[ACTION ITEM]
Every entry below should be restated word for word, except for its images.

-*-

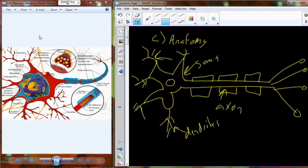At the very end of the axon, we have a branching-like structure called the terminal arborization — this is the terminal branching. This terminal arborization ends in little knobs or buds called synapses. The synapse is that point of contact that can be made with another cell — another neuron, or like we saw in muscle, it interfaces into the neuromuscular junction with the motor end plate. This is where neurotransmitters are released onto the other cell.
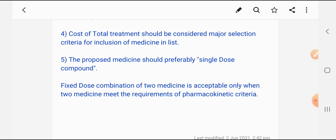In the last point, it is stated that the proposed medicine should be prepared as a single dose. If the drug is a single-dose compound, there will be less chance of toxicity and interaction. However, a fixed-dose combination of two medicines is acceptable only when both medicines meet the requirements of pharmacokinetic criteria.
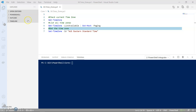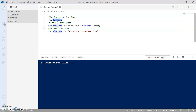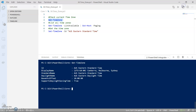To get started I will use the Get-TimeZone cmdlet, which will give me the timezone on my machine. As you can see the timezone is displayed in two formats: one is the ID, and the second one is the display name.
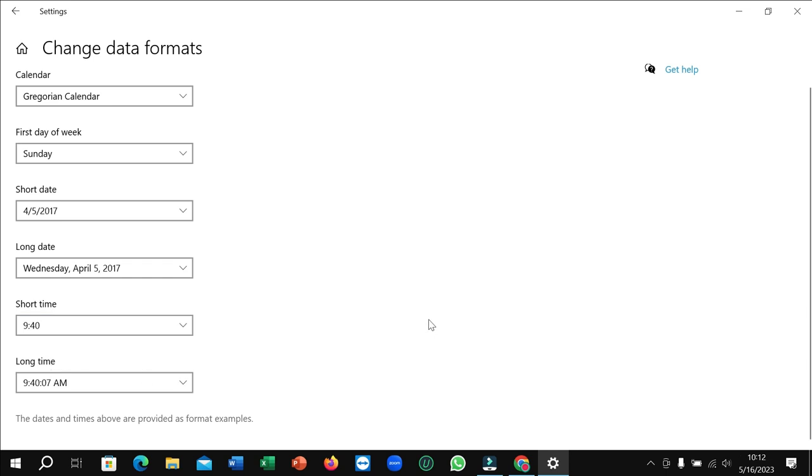And in this way you can change the format to 24 hours format. This is the way for changing 24 hours format. So in this way you can convert 12 hours format to 24 hours format very easily. I hope you can understand and hope this video can help you. Don't forget to like and subscribe to my channel.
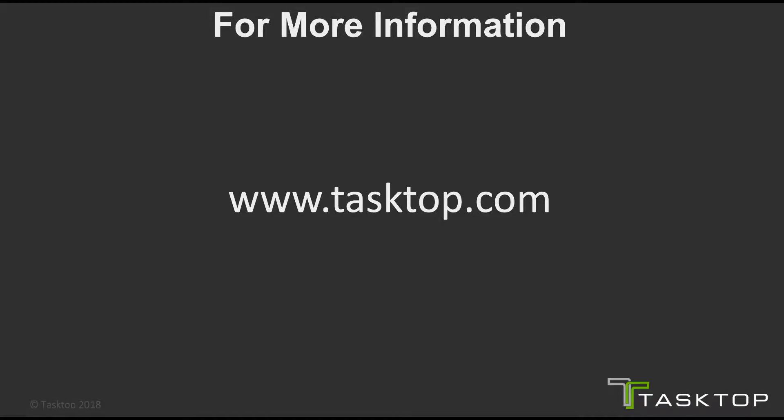You just saw how Tasktop Hub was able to successfully move a Salesforce case over to VSTS as a bug. For more information about Tasktop, please visit www.tasktop.com.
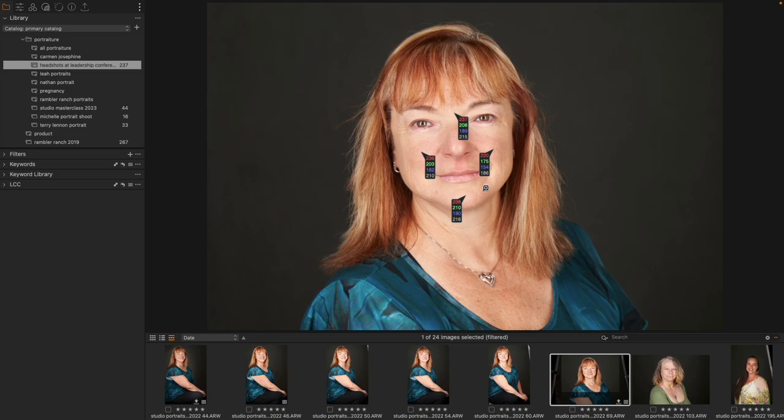This is going to give me information about whether one side of the face is more red than the other, whether one side is too dark relative to the other — any kind of information for comparison that I want, I can add points.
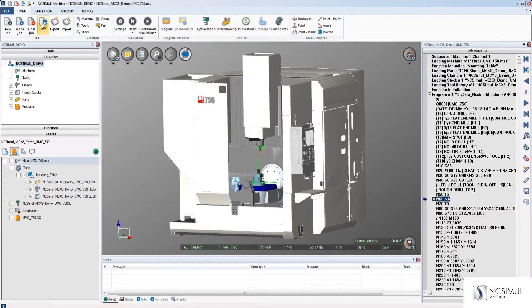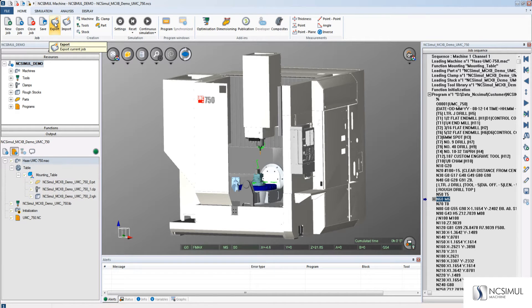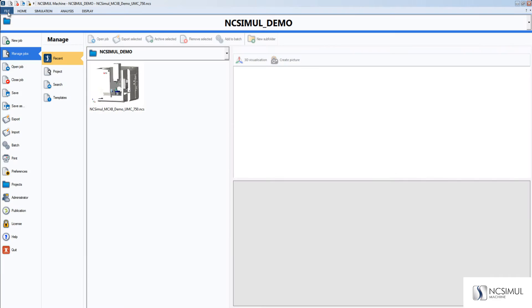After you have saved the job, you can either click the export button here on the home page or go to file, export, and then click export current job.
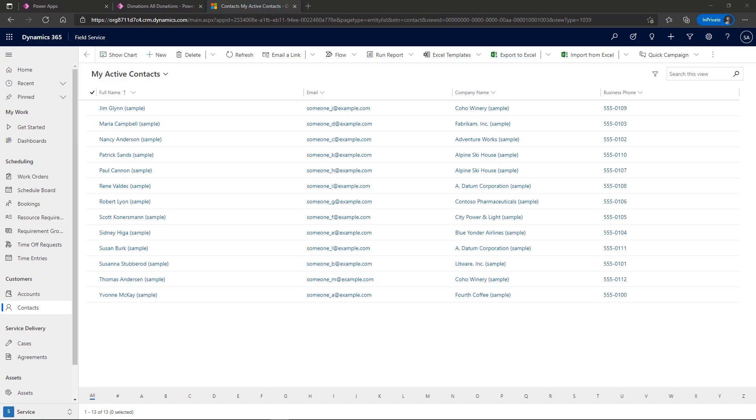Hi, Julie here, and I want to show you how to bring your jump bar back to your model-driven app views or grids.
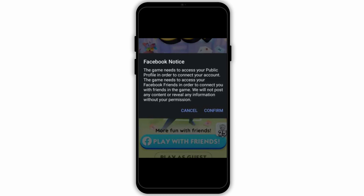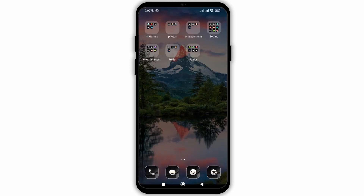That is how easily you can recover your Monopoly Go account. I hope you found this video helpful. If you did, don't forget to give it a thumbs up and subscribe to our channel for more tutorials. Thank you for watching till the end.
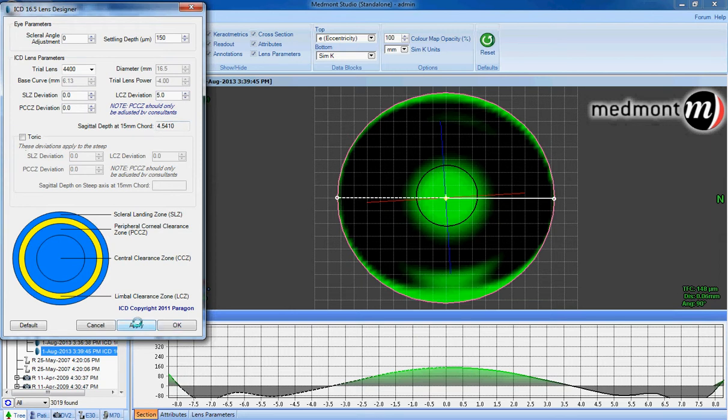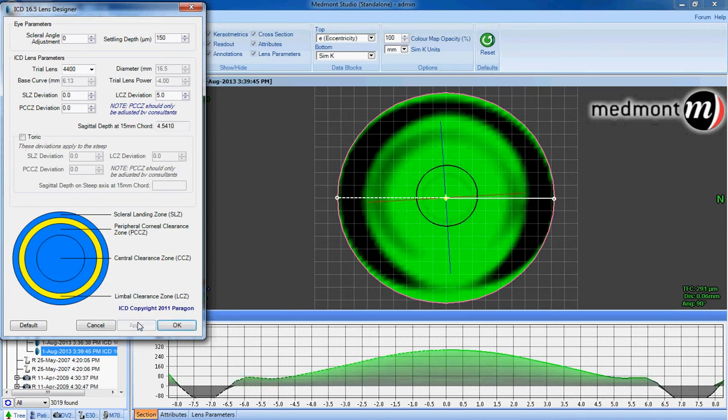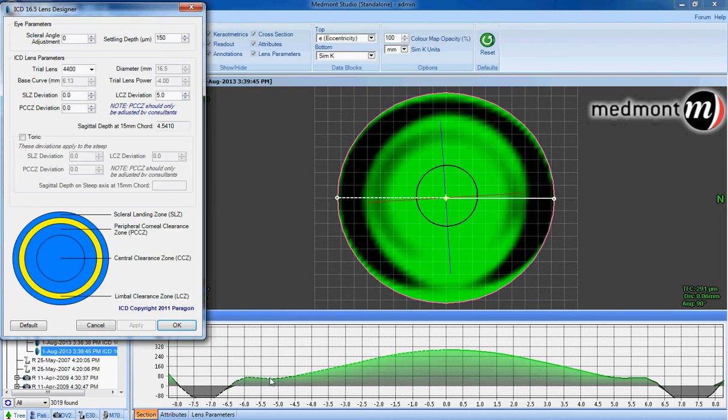Once that modification is made within the Medmont contact lens software, we can see whether we've created that healthy amount of fluid, that healthy amount of vault between the surface of the eye and the back surface of the lens. With the limbal clearance zone plus 5, we're still just under 80 microns of fluid.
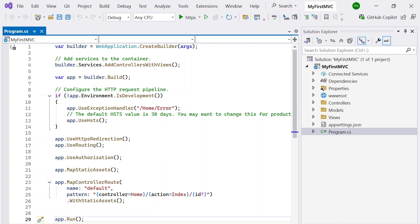Once app.Run() is called, the application can accept requests - you can send a request to view something and the application will provide a response. The first line creates a builder object, which is the starting point of the entire configuration process. In the next line, you tell it to add controllers with views, which means we are using the MVC pattern. You need to call this method so the framework knows to follow MVC. Then using the builder object, you call Build() to create the application.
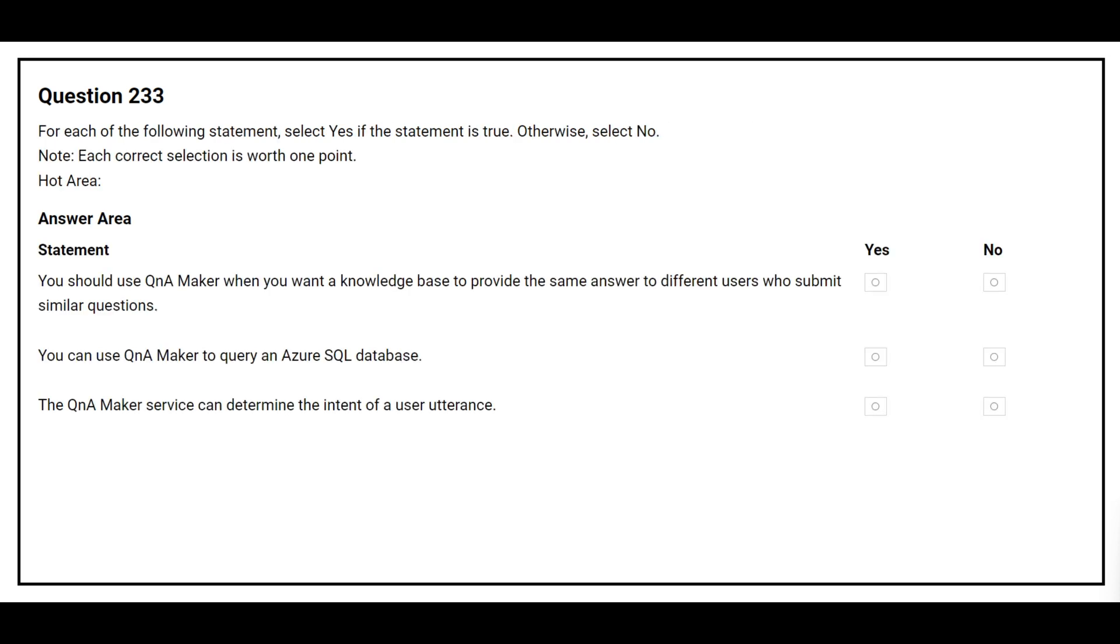Question number 233. For each of the following statements, select yes if the statement is true, otherwise select no. The first statement is: You should use Q&A Maker when you want a knowledge base to provide the same answers to different users who submit similar questions. The correct answer is yes.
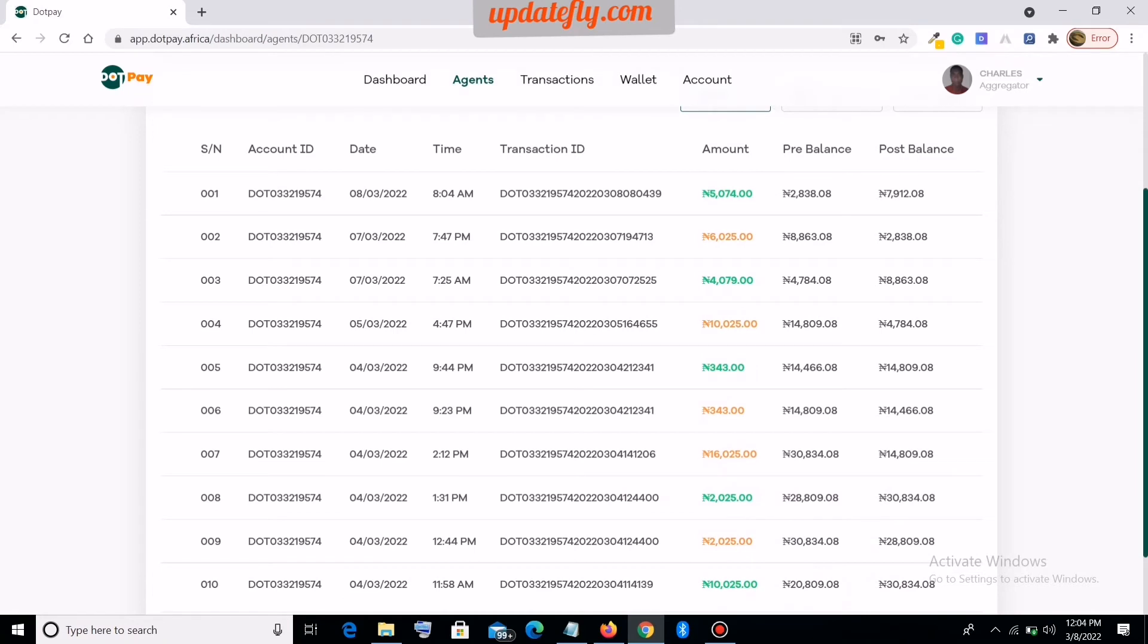So now let's quickly scroll down and see further details. Look at this - this is the airtime transaction we saw earlier. It was done, you can see the date and the time here. Now, as at the time the agent did this transaction, it was orange because as I explained earlier, it's a debit to the agent's wallet.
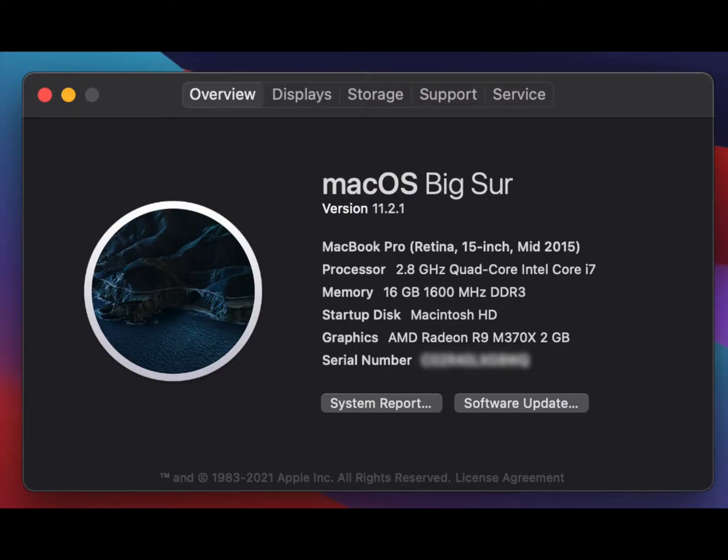I have received a number of requests for an updated version of this video, so today I'm going to show you how to connect a MacBook to Wi-Fi on macOS Big Sur.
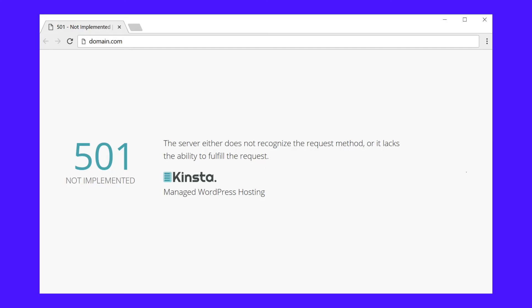A 501 error means that your server doesn't have the functionality needed to complete the request made by the user's browser — it's likely that the server doesn't recognize the request method. As with the 500 internal server error, a 501 error can lower your search engine rankings if you don't resolve it within a few hours. You can try reloading the page, clearing the browser cache, and disabling any active proxy settings to resolve it. However, you'll likely need to contact your host for help.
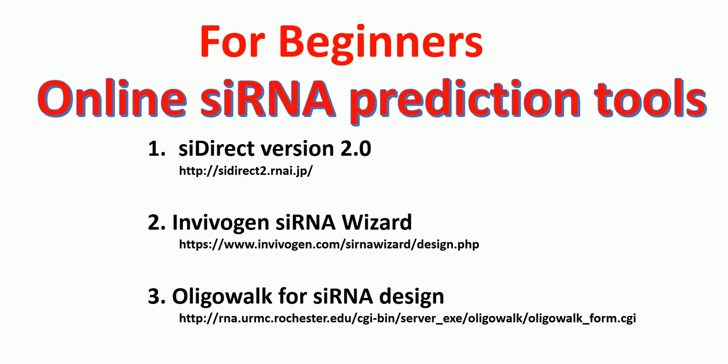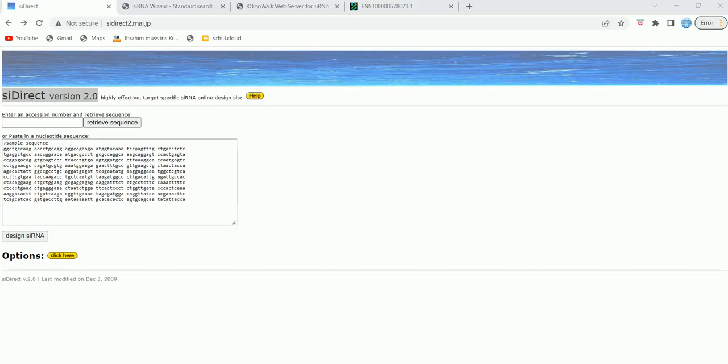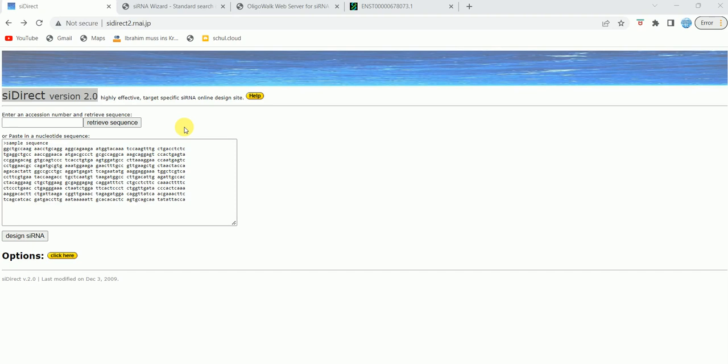Let's first start with siDirect version 2.0. The first online tool that can be used for siRNA design is siDirect version 2.0. The link has already been provided in the description, but it's siDirect2.rnai.jp. When you put in this web address in your browser, this kind of window will appear. Then you have to either enter an accession number or retrieve the sequence here, or you can manually put the nucleotide sequence.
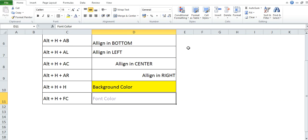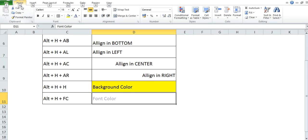You do not need to remember all shortcut keys. There is one funda available to use these shortcut keys. If you can see, if I will just press Alt and leave it, then in above, I will get this alphabet. So, for home it is H, then I will press H.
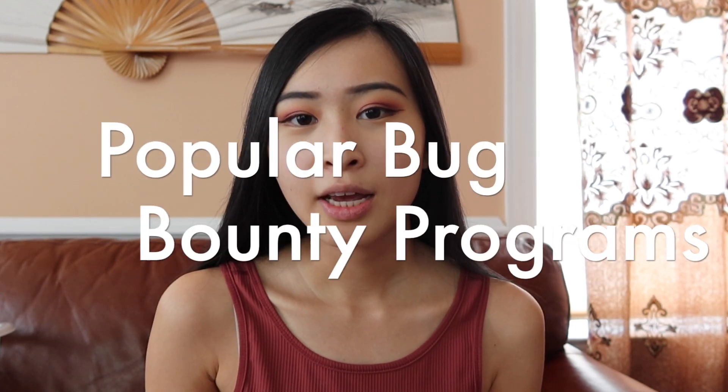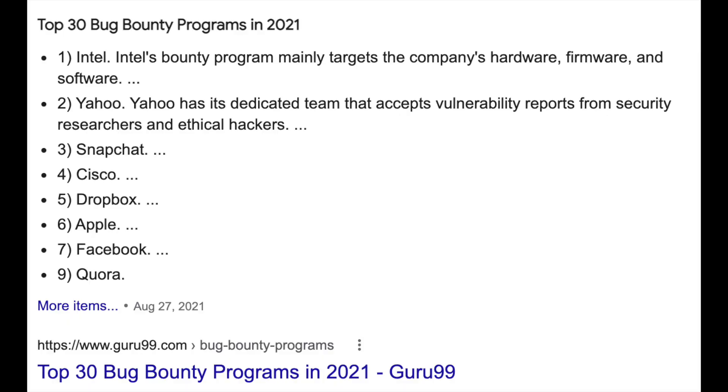Moving on to actual targets for these bug bounty programs — a lot of the big name tech companies actually have their own live bug bounty programs where you can test their websites and essentially hunt for bugs. Some of these include Facebook, Google, Twitter, and Apple. If you actually do find a bug, they will give you a pretty good sum of money for your efforts, and it's definitely big enough to put on your resume if you find a serious bug from Facebook or Apple. That said, almost all of the bug bounty hunters out there are probably looking for the same bugs, so it might be a little harder on these larger platforms.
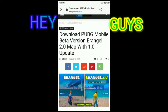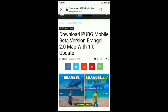Welcome guys. Today I will show you how to download Erangel 2.0 in PlayerUnknown Battlegrounds Mobile. So let's get started.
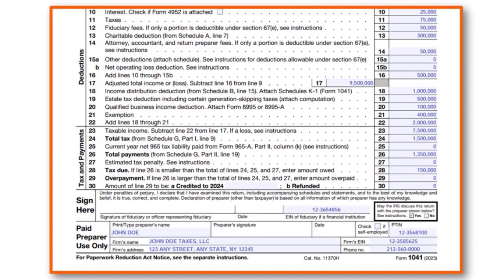Next, on line 10 there's interest of $25,000 and taxes of $75,000. Now I'm speaking about the deductions - from line 10 to 22 we have the deductions, in other words the expenses the estate incurred this year. Interest, taxes, fiduciary fees - if you pay another organization to handle the estate's affairs you put that here. If there is a charitable deduction it is featured on Schedule A, line 7, which is line 13.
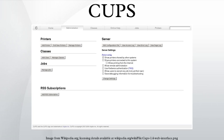CUPS is a modular printing system for Unix-like computer operating systems which allows a computer to act as a print server. A computer running CUPS is a host that can accept print jobs from client computers, process them, and send them to the appropriate printer.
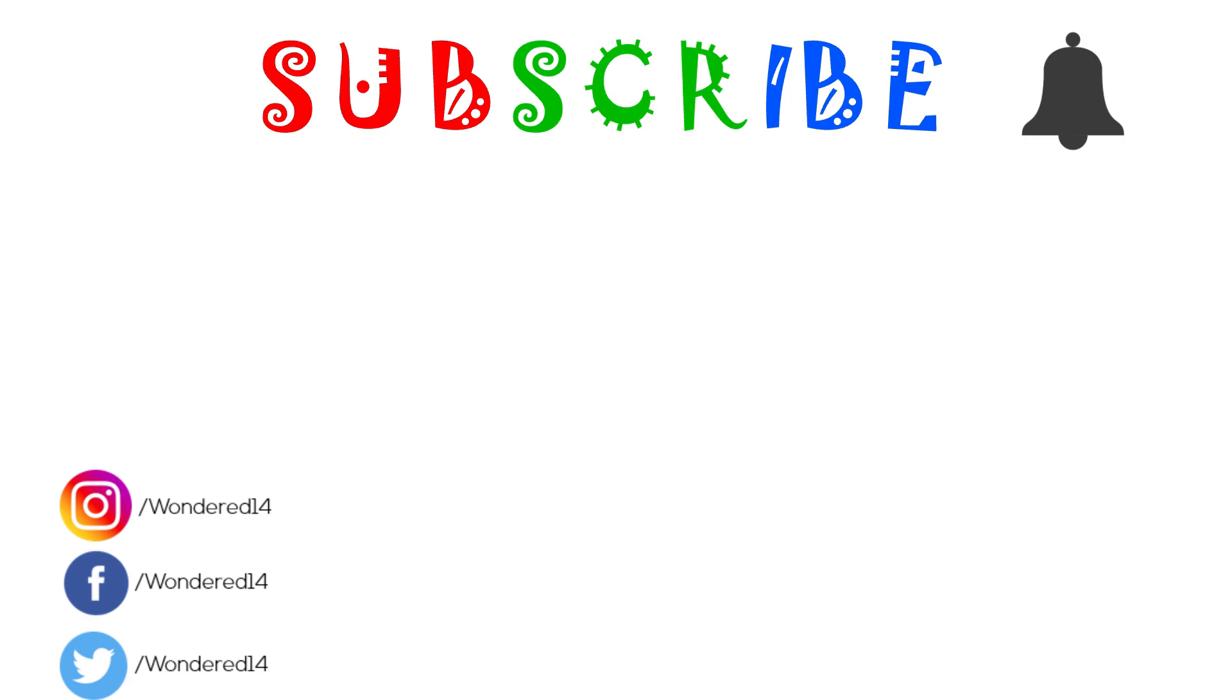Subscribe for more videos, turn on post notifications, like the video if you do. Thanks for watching.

-*-

[RESPONSE BELOW]
At the very end of the axon, we have a branching-like structure called the terminal arborization — this is the terminal branching. This terminal arborization ends in little knobs or buds called synapses. The synapse is that point of contact that can be made with another cell — another neuron, or like we saw in muscle, it interfaces into the neuromuscular junction with the motor end plate. This is where neurotransmitters are released onto the other cell.
In the last point, it is stated that the proposed medicine should be prepared as a single dose. If the drug is a single-dose compound, there will be less chance of toxicity and interaction. However, a fixed-dose combination of two medicines is acceptable only when both medicines meet the requirements of pharmacokinetic criteria.
To get started I will use the Get-TimeZone cmdlet, which will give me the timezone on my machine. As you can see the timezone is displayed in two formats: one is the ID, and the second one is the display name.
And in this way you can change the format to 24 hours format. This is the way for changing 24 hours format. So in this way you can convert 12 hours format to 24 hours format very easily. I hope you can understand and hope this video can help you. Don't forget to like and subscribe to my channel.
You just saw how Tasktop Hub was able to successfully move a Salesforce case over to VSTS as a bug. For more information about Tasktop, please visit www.tasktop.com.
This is going to give me information about whether one side of the face is more red than the other, whether one side is too dark relative to the other — any kind of information for comparison that I want, I can add points.
After you have saved the job, you can either click the export button here on the home page or go to file, export, and then click export current job.
Hi, Julie here, and I want to show you how to bring your jump bar back to your model-driven app views or grids.
That is how easily you can recover your Monopoly Go account. I hope you found this video helpful. If you did, don't forget to give it a thumbs up and subscribe to our channel for more tutorials. Thank you for watching till the end.
Once that modification is made within the Medmont contact lens software, we can see whether we've created that healthy amount of fluid, that healthy amount of vault between the surface of the eye and the back surface of the lens. With the limbal clearance zone plus 5, we're still just under 80 microns of fluid.
Once app.Run() is called, the application can accept requests - you can send a request to view something and the application will provide a response. The first line creates a builder object, which is the starting point of the entire configuration process. In the next line, you tell it to add controllers with views, which means we are using the MVC pattern. You need to call this method so the framework knows to follow MVC. Then using the builder object, you call Build() to create the application.
Question number 233. For each of the following statements, select yes if the statement is true, otherwise select no. The first statement is: You should use Q&A Maker when you want a knowledge base to provide the same answers to different users who submit similar questions. The correct answer is yes.
So now let's quickly scroll down and see further details. Look at this - this is the airtime transaction we saw earlier. It was done, you can see the date and the time here. Now, as at the time the agent did this transaction, it was orange because as I explained earlier, it's a debit to the agent's wallet.
I have received a number of requests for an updated version of this video, so today I'm going to show you how to connect a MacBook to Wi-Fi on macOS Big Sur.
A 501 error means that your server doesn't have the functionality needed to complete the request made by the user's browser — it's likely that the server doesn't recognize the request method. As with the 500 internal server error, a 501 error can lower your search engine rankings if you don't resolve it within a few hours. You can try reloading the page, clearing the browser cache, and disabling any active proxy settings to resolve it. However, you'll likely need to contact your host for help.
Let's first start with siDirect version 2.0. The first online tool that can be used for siRNA design is siDirect version 2.0. The link has already been provided in the description, but it's siDirect2.rnai.jp. When you put in this web address in your browser, this kind of window will appear. Then you have to either enter an accession number or retrieve the sequence here, or you can manually put the nucleotide sequence.
You do not need to remember all shortcut keys. There is one funda available to use these shortcut keys. If you can see, if I will just press Alt and leave it, then in above, I will get this alphabet. So, for home it is H, then I will press H.
Moving on to actual targets for these bug bounty programs — a lot of the big name tech companies actually have their own live bug bounty programs where you can test their websites and essentially hunt for bugs. Some of these include Facebook, Google, Twitter, and Apple. If you actually do find a bug, they will give you a pretty good sum of money for your efforts, and it's definitely big enough to put on your resume if you find a serious bug from Facebook or Apple. That said, almost all of the bug bounty hunters out there are probably looking for the same bugs, so it might be a little harder on these larger platforms.
Welcome guys. Today I will show you how to download Erangel 2.0 in PlayerUnknown Battlegrounds Mobile. So let's get started.
Next, on line 10 there's interest of $25,000 and taxes of $75,000. Now I'm speaking about the deductions - from line 10 to 22 we have the deductions, in other words the expenses the estate incurred this year. Interest, taxes, fiduciary fees - if you pay another organization to handle the estate's affairs you put that here. If there is a charitable deduction it is featured on Schedule A, line 7, which is line 13.
CUPS is a modular printing system for Unix-like computer operating systems which allows a computer to act as a print server. A computer running CUPS is a host that can accept print jobs from client computers, process them, and send them to the appropriate printer.
Subscribe for more videos, turn on post notifications, like the video if you do. Thanks for watching.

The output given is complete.